Why has it historically been so tough to keep House progressives standing strong and using the leverage of their voting bloc to extract concessions on important legislation the way Blue Dogs have been able to?
Part of the reason is that progressive elected officials occupy a portion of the political spectrum that generally leaves them insulated from most accountability to progressive voters. In other words, they're protected to some degree by the "where else are they gonna go?" factor.
That's why progressive grassroots activists have come to expect their elected officials to eventually and in most every case, end up making the "best deal we could get" argument in support of their ultimate abandonment of principles clearly stated in the earlier stages of the process. Like so:
“This is the best, most historic healthcare bill we’re going to get,” said Rep. James McGovern (D-Mass.), one of 60 liberals who’d signed a bill pledging to vote against a letter without a “robust,” Medicare-based public option. “At the end of the day, we have to pass something.”
The article quoted above has accidentally reversed "bill" and "letter," obviously. McGovern was one of 60 liberals who signed a letter pledging to vote against a bill without a "robust" public option. But the whole point of the letter was to foreclose, to the extent possible, against eventually adopting the position that, "At the end of the day, we have to pass something." I mean, that was literally the entire point of the letter. And as expected, a week in advance of the vote, the signatories are dismissing the weight of their own signatures in off-the-cuff remarks.
Genius.
Now, ought it to be the position of House progressives next week that this bill and this rule are worth getting behind? For the sake of argument, let's say it is. The key part of the question, then is "next week." How do you guarantee that you'll lose any negotiation? Announce a week in advance of sitting down that you're willing to cave. McGovern obviously doesn't speak for the entire Progressive Caucus. But I'd feel an awful lot better if I could have ended that sentence after "McGovern doesn't speak." That would have been great, and we'd all have a lot less problems this week.

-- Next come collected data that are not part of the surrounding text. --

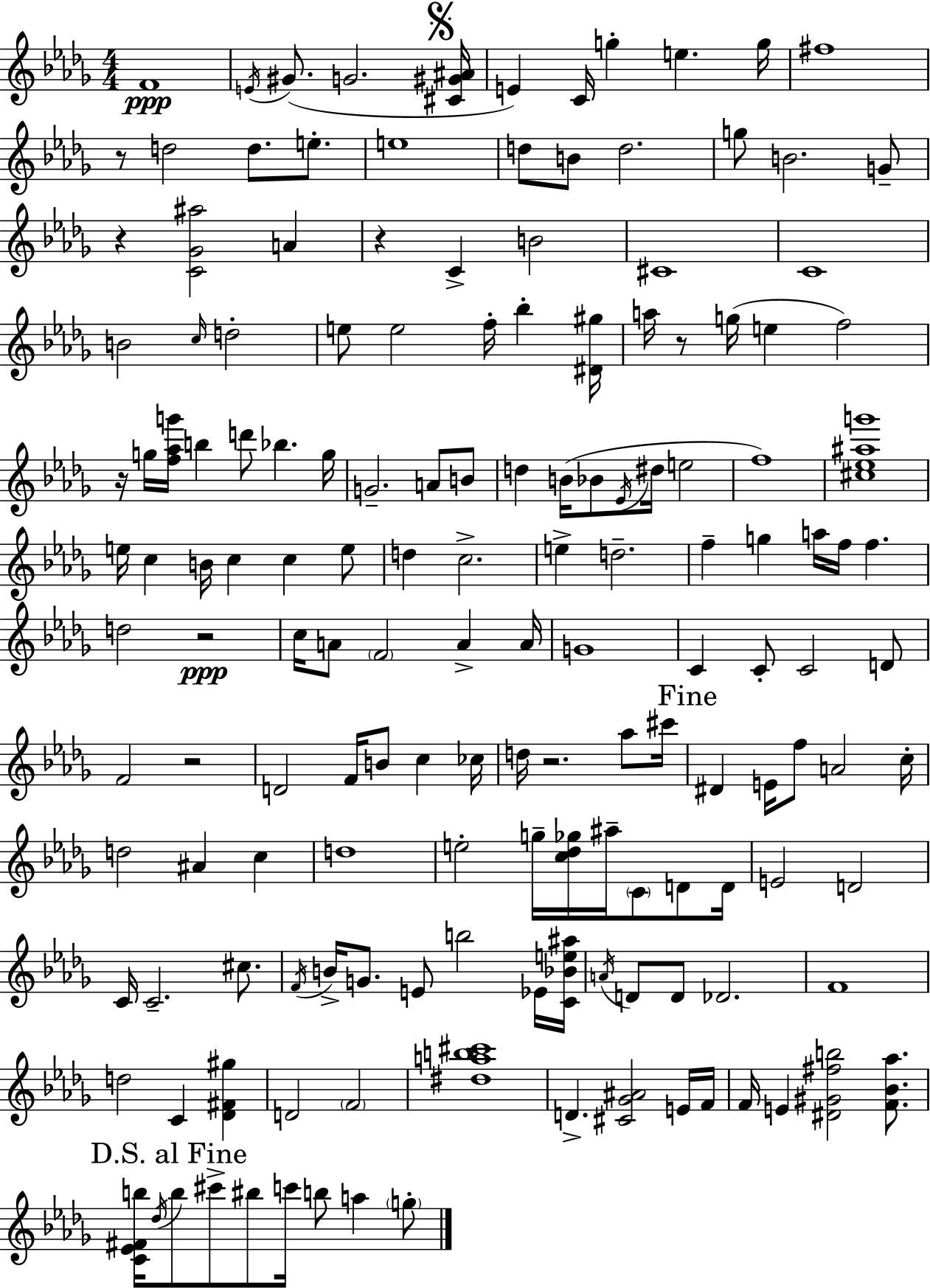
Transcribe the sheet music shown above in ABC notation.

X:1
T:Untitled
M:4/4
L:1/4
K:Bbm
F4 E/4 ^G/2 G2 [^C^G^A]/4 E C/4 g e g/4 ^f4 z/2 d2 d/2 e/2 e4 d/2 B/2 d2 g/2 B2 G/2 z [C_G^a]2 A z C B2 ^C4 C4 B2 c/4 d2 e/2 e2 f/4 _b [^D^g]/4 a/4 z/2 g/4 e f2 z/4 g/4 [f_ag']/4 b d'/2 _b g/4 G2 A/2 B/2 d B/4 _B/2 _E/4 ^d/4 e2 f4 [^c_e^ag']4 e/4 c B/4 c c e/2 d c2 e d2 f g a/4 f/4 f d2 z2 c/4 A/2 F2 A A/4 G4 C C/2 C2 D/2 F2 z2 D2 F/4 B/2 c _c/4 d/4 z2 _a/2 ^c'/4 ^D E/4 f/2 A2 c/4 d2 ^A c d4 e2 g/4 [c_d_g]/4 ^a/4 C/2 D/2 D/4 E2 D2 C/4 C2 ^c/2 F/4 B/4 G/2 E/2 b2 _E/4 [C_Be^a]/4 A/4 D/2 D/2 _D2 F4 d2 C [_D^F^g] D2 F2 [^dab^c']4 D [^C_G^A]2 E/4 F/4 F/4 E [^D^G^fb]2 [F_B_a]/2 [C_E^Fb]/4 _d/4 b/2 ^c'/2 ^b/2 c'/4 b/2 a g/2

This is almost exactly the situation I had in mind in August at Netroots Nation when I asked progressive strategists and activists to think ahead to the end game, and about what our reaction ought to be when Members who'd apparently pledged to oppose any bill without a "robust" public option claimed they needed the latitude to do some other thing, ranging all the way up to... doing the exact opposite of that.
To some extent, this is a function of there being no universally accepted definition of either the public option or what it means for one to be "robust," at least not at the time that the pledges were solicited and the letter was signed. But there can be no doubt about the intent of those efforts. It was quite obviously an early effort to guard against public declarations like McGovern's, and to at least preserve the plausibility of the claim that the Progressive Caucus was in a position to demand concessions the way Blue Dogs always have been.
That's obviously going to require still more work on a cultural change in perceptions of the Progressive Caucus, including the perceptions held by actual members of that caucus.